Oh so that's why my Lenovo was held for "customs". Hope they at least removed the Chinese backdoors while they were installing the American ones.
Look at me, I'm so clever using HTTPS and GnuPG and FOSS linux when my hardware RNG is key escrowed, my USB cable is transmitting, my factory BIOS has at least two nationalities of spyware, and Big Brother is watching me naked in 720p. So glad I'm not a journalist and have an adequate physique.
Yeah, the customs point is very interesting and worthy of upvote. I suspect they'd need a warrant to do this on an American (one would hope) but I highly doubt they'd need one to do this on anyone who ordered it from across the border.
Canadians (and Americans who talk to Canadians) in particular are probably highly vulnerable to this spying. Emailing Americans, calling Americans, ordering laptops from the US, etc. The NSA is probably free to tap/interdict all of those interactions without any kind of pre-approval or probable cause.
Bottom line: the NSA has done irreparable harm to global trust in dealing with the US(and, sadly, the US dealing with those outside their borders), be it communications or buying their products.
There's definitely a business opportunity out there for someone to come up with DIY laptops, much like the way you can purchase parts from anybody to create your own desktop PC.
Is 'free as in libre' hardware really any protection if the NSA intercepted your device at the border and planted undetectable MITM malware/hardware? Are you really gonna take the whole thing apart and check every chip for modifications?
The "free as in libre" part would make it much more difficult to create an undetectable MITM. You might have a much greater diversity of hardware, so they'd have to find and maintain more exploits. The full software/firmware stack would be verifiable by cryptographic signature. The hardware itself could be checked by looking for chips that don't match other units from the same lot, either visually or behaviorally, and even x-raying the components if necessary.
No. And Stallman (unfortunately) doesn't seem to focus too much on the security aspect of it. His focus is mostly on the freedom, as in ability to copy/modify/do-as-you-please aspect of it.
After sitting through an embarrassingly awkward 2 1/2 hr talk by Richard Stallman at SJSU last month, I think he actually is a little... off. But that doesn't mean you shouldn't take his message to heart.
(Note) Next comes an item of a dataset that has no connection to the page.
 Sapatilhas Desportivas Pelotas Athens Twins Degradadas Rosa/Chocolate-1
My suspension of disbelief is getting really close to breaking. Don't get me wrong, I'm fully against the entire NSA spying deal. But these "reports" just keep getting more and more outrageous. The problem is not that I don't think these things have been happening, but rather that the continuous slow leaking by news media is causing the next big reveal to be just more background noise.
We need a big, sudden, destructive reveal that causes a lot of impact. Not the slow drizzle of 'this week in civil liberties violations'. Probably too late for this, sadly.
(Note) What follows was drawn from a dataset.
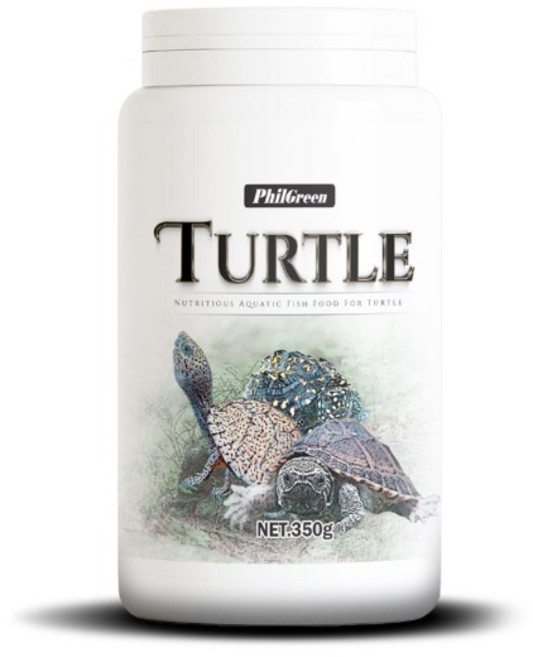 필그린 터틀스틱 거북이사료 S, 1L, 1개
IMHO the only reason the NSA leaks have been so effective in shaping public opinion is that it's a 'slow drizzle'. Otherwise they would have ended up like other wikileak mass dumps which are too overwhelming to absorb and are quickly forgotten.
I don't think this operation is very unreasonable if highly targeted. If they did this to computers bought by Iran's nuclear program, or known watched mid level jihadis , the only problem I'd have would be I don't have enough money to buy an open bar for everyone involved. No one is arguing this was pervasive.
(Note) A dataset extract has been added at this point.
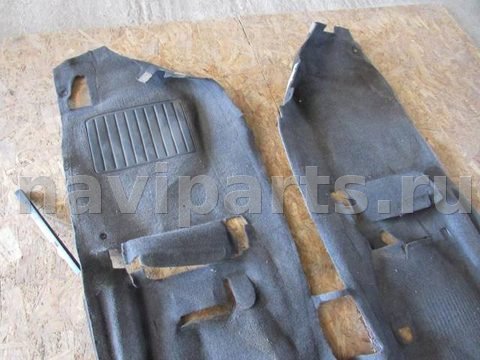 Ковёр салонный Toyota Land Cruiser Prado, 2008 г., арт. 250620-105, фото 2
The dangerous area IMO would be domestic law enforcement or political use (well , not so gray), and attacking innocent third parties with this to gain access to systems to attack actual bad guys. ( eg Belgacom)
The problem is the NSA has shown itself to be indiscriminate in its targeting for other methods of info gathering. So trusting them to 'use responsibly' is a bit like trusting a bunch of teenagers to 'use responsibly' with a case of beer and the parents away.
This operation as described leaves enough of a physical record that it couldn't be used universally.
I'm much more concerned about "NSA backdoor firmware", and vastly more concerned about China doing the same. It's a lot easier to do this at design/manufacture than en-route.
>I'm much more concerned about "NSA backdoor firmware", and vastly more concerned about China doing the same.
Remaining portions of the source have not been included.